José Donizete Cazzolato (JDC): Eu venho me dedicando às questões territoriais faz algum tempo. Na dissertação de mestrado, em 2005, foquei a escala local, apostando na ideia dos bairros como instância territorial oficial. Dois anos depois, apresentei um texto sobre a divisão macrorregional do País, propondo uma discussão nacional para atualizar o atual arranjo, que, além de ter sido instituído em 1969, descaracterizou-se com a criação de Tocantins, em 1988, e sua inserção na Região Norte.
CT: O Pará pode ser dividido em três partes. Você acha que essa divisão pode ser benéfica para as áreas mais afastadas da atual capital, Belém?
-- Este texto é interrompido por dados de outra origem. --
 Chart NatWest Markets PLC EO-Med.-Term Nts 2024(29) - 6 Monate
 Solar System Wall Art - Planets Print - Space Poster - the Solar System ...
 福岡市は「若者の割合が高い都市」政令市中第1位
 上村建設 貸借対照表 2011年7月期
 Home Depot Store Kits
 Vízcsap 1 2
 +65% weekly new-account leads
JDC: Sim, pode ser benéfica para as três partes resultantes. O que “pega”, no caso do Pará, além da grande extensão do Estado, é sua organização espacial, que define três nódulos regionais em posições bastante destacadas: Belém, no extremo nordeste; Santarém, a oeste; e Marabá, a sudeste. A porção central do Estado, onde idealmente se localizam as capitais, é uma interface regional. Com a divisão, oficializa-se o que a geografia demonstra.
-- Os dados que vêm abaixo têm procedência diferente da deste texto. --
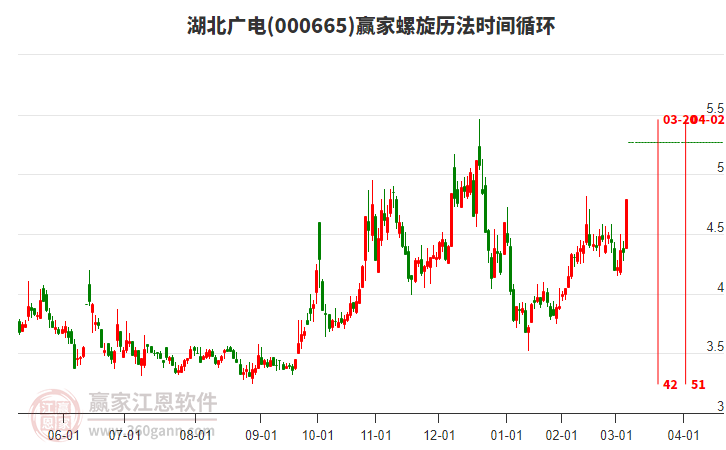000665湖北廣電螺旋歷法時(shí)間循環(huán)工具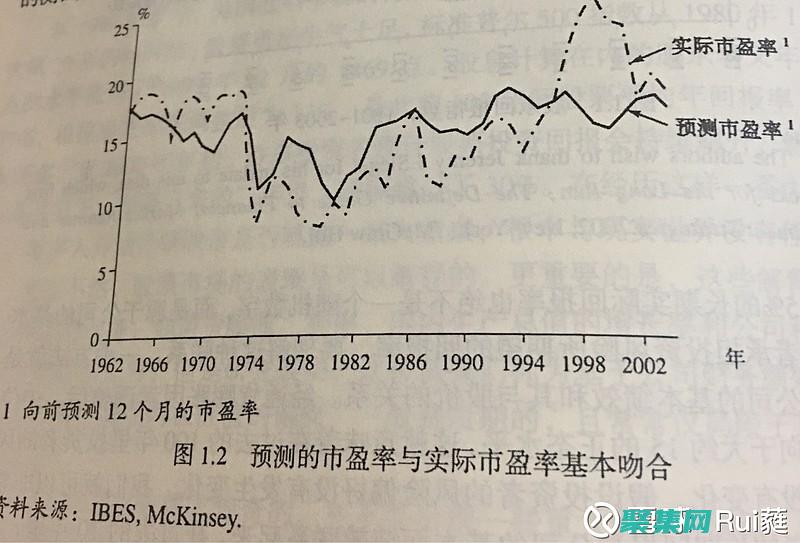 探索value函数：数据挖掘和机器学习 (探索海洋的欧美动画片)
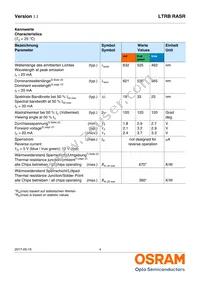 LTRBRASR-5B5C-0112-0-0-R18-ZP Datasheet Page 4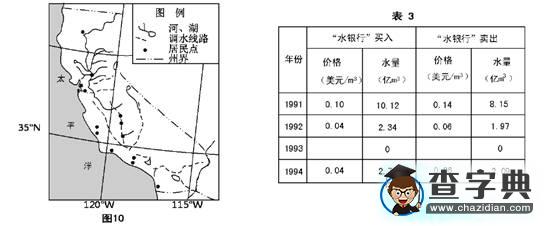 高考文綜安徽卷地理試題解析4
CT: Em um passado recente houve duas divisões de estados brasileiros: Mato Grosso, em 1977, foi dividido em dois com a criação do Mato Grosso do Sul; Goiás, em 1989, transformou-se em dois com a criação do Estado do Tocantins. Essas divisões foram benéficas para todos os envolvidos? Houve alguma consulta popular, como irá ocorrer no caso paraense?
JDC: Não tenho elementos para afirmar que a divisão de Mato Grosso e de Goiás foram benéficas, mas as evidências apontam que sim. Conheço razoavelmente Campo Grande, e, pelo que se observa ali, seria impensável o território sulmatogrossense tributário da distante Cuiabá. Em nenhum dos dois casos houve consulta popular.
Esta é, por sinal, uma das questões abordadas no livro. De um modo geral, essas implementações são vistas como despesas, enquanto muitas pessoas preferem considerá-las como investimento. Há que se ponderar cada caso, e por isso insisto na questão dos parâmetros técnicos. Se adotarmos um padrão territorial, aos moldes do proposto, essa questão estará embutida.
CT: Há outros projetos de divisão de Estados brasileiros em trâmite na Câmara dos Deputados ou no Senado? Quais são?
JDC: No levantamento feito, seriam 30, inclusive Carajás e Tapajós. Mas é difícil saber exatamente, porque muitos são apresentados em duplicata, outros se superpõem territorialmente, e mesmo rejeitados, quase todos são reapresentados na legislatura seguinte. Carajás e Tapajós, que vão a plebiscito este ano, eram proposições arquivadas em 2008, como se vê na pesquisa de Rogério Boueri (IPEA).
CT: Estados com grandes extensões territoriais ou mesmo com grande população são mais passíveis de divisão. Há, por parte do senhor, alguma sugestão de divisão do Estado de São Paulo, por exemplo? Como ela se daria?
JDC: Sim. A aplicação do padrão territorial proposto sugere a divisão do Estado de São Paulo. Tramitam (ou tramitaram recentemente) no Congresso dois projetos de fragmentação do território paulista, um separando aproximadamente a região Mogiana, e outro a região de Sorocaba mais o Vale do Ribeira. Parece mais coerente, geograficamente, contemplar a grande divisão que se observa no Estado, inclusive identitária, separando São Paulo propriamente e o interior. A proposta vai nessa linha.
CT: Em relação a Estados muito pequenos e com poucos recursos, seria interessante a anexação deles a outro Estado?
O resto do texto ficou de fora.